Daniel Brooks was an architect, builder and surveyor, originally of Orchard Place before moving to Richmond Lodge in Threefield Lane in 1831. He was surveyor from c.1820 to the Southampton estates of Queen's College, Oxford (on whose land Richmond Lodge was built). He succeeded another member of the Slater family - George -, appointed surveyor c.1802. Daniel was responsible for repairs to God's House - owned by the college - in 1827/8. He was an active politician in the Liberal cause, representing St Mary's ward from the first election after the Municipal Reform Act in 1835 until his death in 1854. He was then regarded as “the Father of the Reformed Corporation of Southampton”. He was elected an alderman on the accession of the Liberal party to municipal power in Southampton in November 1847, and became the first Liberal mayor of the Reformed Corporation in the same year. He became a borough magistrate in 1848.

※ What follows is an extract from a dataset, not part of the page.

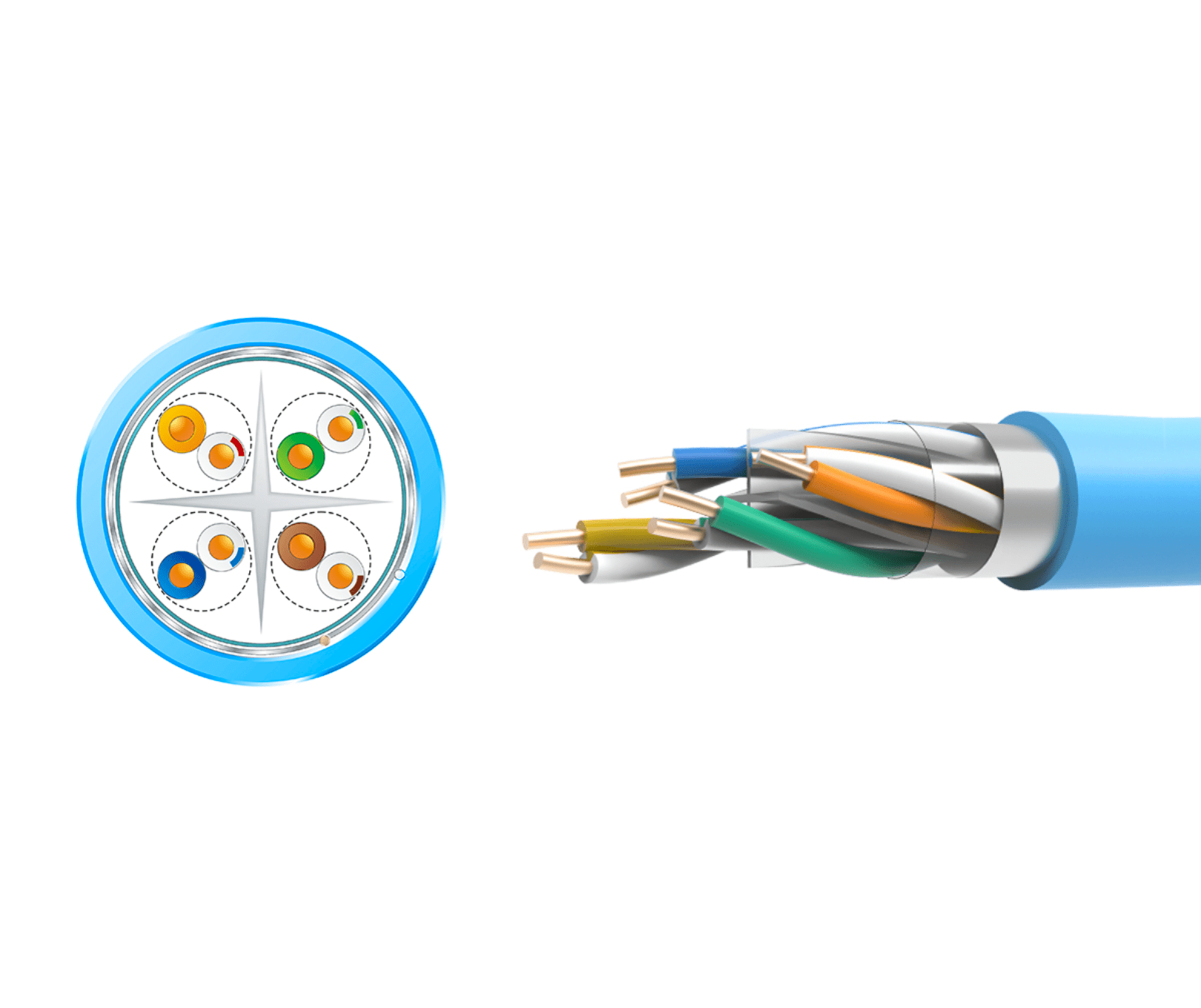 Cat6A F-UTP Cable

He died at his residence on 7 May 1854 in his 72nd year. He was a wealthy man. He owned (as freeholder or leaseholder) four significant properties in the town - 9 Cumberland Place; 6 Prospect Place; 69 Marland Place (Marland House) and Richmond Lodge - together with a timber yard in Lower Canal Walk and a plot of land at the corner of Marsh Lane. His personal effects were valued at about £6,000. The whole was left to his only child, John Terry Brooks. A heart-felt line in his will - “I trust with God's assistance he may be enabled to keep himself from poverty and want” - hides a family trauma. At the Hampshire Assizes of July 1840 Terry Brooks had faced an action brought by Captain James Goodridge - commander of the Lady De Saumarez steam packet which plied between Southampton, Guernsey and Jersey - for the seduction of his youngest daughter Eudosia. The publicity could not have been worse. Not only was the case undefended, but counsel for the plaintiff was Alexander Cockburn, recorder of Southampton and perhaps the leading barrister on the western circuit. Daniel himself was cast in a most unfavourable light. It was alleged that he had refused his consent to the marriage after the girl had become pregnant unless Captain Goodridge paid a dowry of £2,000. Cockburn condemned this as “an act of cold blooded selfishness”. The fact that the jury awarded damages of £300 - less than would be expected - suggests that there were significant mitigating circumstances. The case dragged on as Terry Brooks failed to pay the damages, appearing before Southampton Insolvent Debtors' Court in Southampton in December 1840 and spending over a year in Southampton debtors' prison. Cockburn was to become Liberal Member of Parliament for Southampton in 1847. Relations with the Liberal mayor can only have been frosty.